La respiration profonde de la violoniste Camille Fonteneau avant chaque grand coup d’archet, insuffle encore plus d’émotion à son instrument et à ce répertoire. Émotions qui se répercutent inexorablement sur son compère violoncelliste, Raphaël Jouan dont le visage rempli d’expressions joue aussi les notes. Le pianiste Alexis Gournel accompagne leur justesse et précision implacables, lui aussi avec finesse quand il faut et puissance quand il doit, toujours en rythme et harmonie.

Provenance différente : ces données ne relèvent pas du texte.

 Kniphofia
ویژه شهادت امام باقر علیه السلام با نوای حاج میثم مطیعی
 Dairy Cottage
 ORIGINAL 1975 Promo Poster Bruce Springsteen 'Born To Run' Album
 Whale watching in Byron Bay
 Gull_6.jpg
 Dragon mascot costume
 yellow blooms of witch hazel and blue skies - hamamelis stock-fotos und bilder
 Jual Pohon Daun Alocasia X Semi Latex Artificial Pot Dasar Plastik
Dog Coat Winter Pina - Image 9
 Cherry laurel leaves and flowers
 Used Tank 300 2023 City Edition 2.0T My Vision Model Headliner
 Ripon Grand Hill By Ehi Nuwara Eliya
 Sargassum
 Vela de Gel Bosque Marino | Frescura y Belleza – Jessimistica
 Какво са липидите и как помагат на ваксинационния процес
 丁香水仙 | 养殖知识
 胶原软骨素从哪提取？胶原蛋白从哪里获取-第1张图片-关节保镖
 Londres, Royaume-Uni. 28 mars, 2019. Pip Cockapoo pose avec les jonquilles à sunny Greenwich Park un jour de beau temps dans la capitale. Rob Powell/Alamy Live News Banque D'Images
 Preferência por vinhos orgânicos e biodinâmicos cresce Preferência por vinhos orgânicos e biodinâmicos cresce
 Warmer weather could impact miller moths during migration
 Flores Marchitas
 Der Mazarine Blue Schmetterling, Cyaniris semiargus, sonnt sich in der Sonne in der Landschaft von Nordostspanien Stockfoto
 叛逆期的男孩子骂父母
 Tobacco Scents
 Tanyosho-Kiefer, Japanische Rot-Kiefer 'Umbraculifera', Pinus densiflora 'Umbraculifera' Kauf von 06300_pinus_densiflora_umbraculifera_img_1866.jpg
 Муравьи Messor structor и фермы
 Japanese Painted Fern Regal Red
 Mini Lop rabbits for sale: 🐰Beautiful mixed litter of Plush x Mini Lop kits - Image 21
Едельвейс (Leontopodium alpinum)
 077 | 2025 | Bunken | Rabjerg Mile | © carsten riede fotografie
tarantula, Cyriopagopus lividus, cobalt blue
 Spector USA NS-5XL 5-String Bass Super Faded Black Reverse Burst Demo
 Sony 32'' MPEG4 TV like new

Si tout est accordé ce soir-là, de la musique jusqu’aux tons de la robe cramoisie de la violoniste, la mezzo-soprano Albane Carrère paraît légèrement moins à son aise dans la langue de Tolstoï. Si la voix de la soliste se fond pleinement dans les nuances du récital, ni trop discrète, ni trop puissante, l’accent français demeure en (très) léger décalage avec l’âme du texte. Tout cela ne l’empêche cependant pas de déployer son ambitus et même davantage, des graves de mezzo à des aigus soprano. Avec un vibrato ample et crescendo tout le long du concert, la voix vient progressivement porter dans les recoins de la salle, malgré un souffle parfois quelque peu haché. Le timbre chaleureux apporte une lumière tout à fait appréciable dans ce théâtre gris.
Le quatuor propose en bis une chanson narrant l’histoire d’une fille se remémorant les berceuses de sa défunte mère en les chantant à ses enfants : moment d’émotion final récompensé par les applaudissements retentissants du public parisien.